The current release covers 2 of a planned 10 training phases. Remaining phases targeting reasoning, scientific knowledge, and multimodal understanding are in development. Benchmark improvements — particularly in MMMU — are expected in subsequent releases.
---
## NxG Model Family
|
**Released Models**
| Model | Parameters | Description |
|:------|:----------:|:------------|
| [Yuuki NxG Nano](https://huggingface.co/OpceanAI/Yuuki-NxG-Nano) | 81M | Lightweight, edge deployment |
| [Yuuki NxG](https://huggingface.co/OpceanAI/Yuuki-NxG) | 3B | General conversation |
| **Yuuki NxG VL** | **7B** | **Vision + text, current release** |
| OwO NxG | 32B | Omnireasoning — in development |
|
**Community GGUF (via mradermacher)**
Quantized independently without solicitation — organic community adoption prior to any formal announcement.
| Format | Size |
|:-------|:----:|
| Q2_K | 3.02 GB |
| Q4_K_M | 4.68 GB |
| Q8_0 | 8.10 GB |
| F16 | 15.2 GB |
Available at [mradermacher/Yuuki-NxG-vl-GGUF](https://huggingface.co/mradermacher/Yuuki-NxG-vl-GGUF).
|
---
## Limitations
**HellaSwag degradation.** Sentence-completion benchmarks are sensitive to conversational fine-tuning. HellaSwag performance (67.2%) is lower than the base model and larger models in this comparison. This is expected and consistent across all NxG releases.

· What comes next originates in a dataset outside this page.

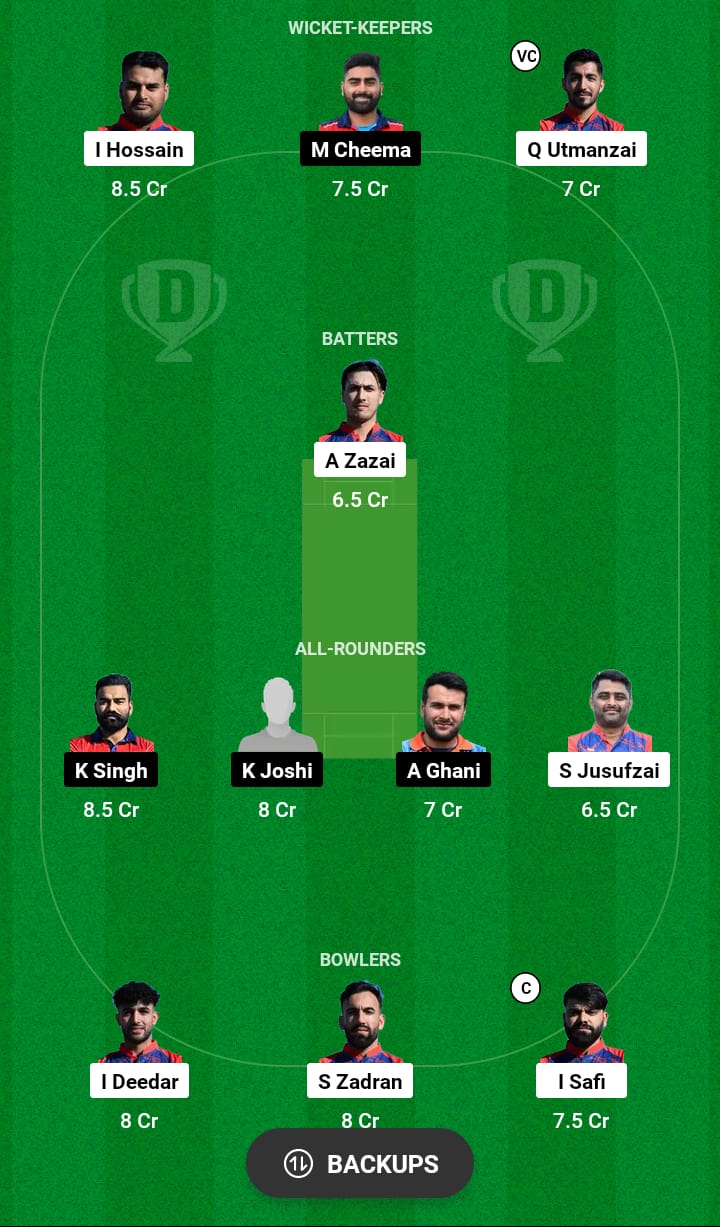 DST vs ICCV Dream11 Prediction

**MMMU performance.** At 20.11% overall, the model does not perform well on university-level multimodal reasoning tasks. This reflects the absence of visual reasoning training phases in the current release, not a fundamental limitation of the architecture.
**Partial fine-tuning.** The current release covers 2 of 10 planned training phases. The model's benchmark profile represents an intermediate state in an ongoing development pipeline.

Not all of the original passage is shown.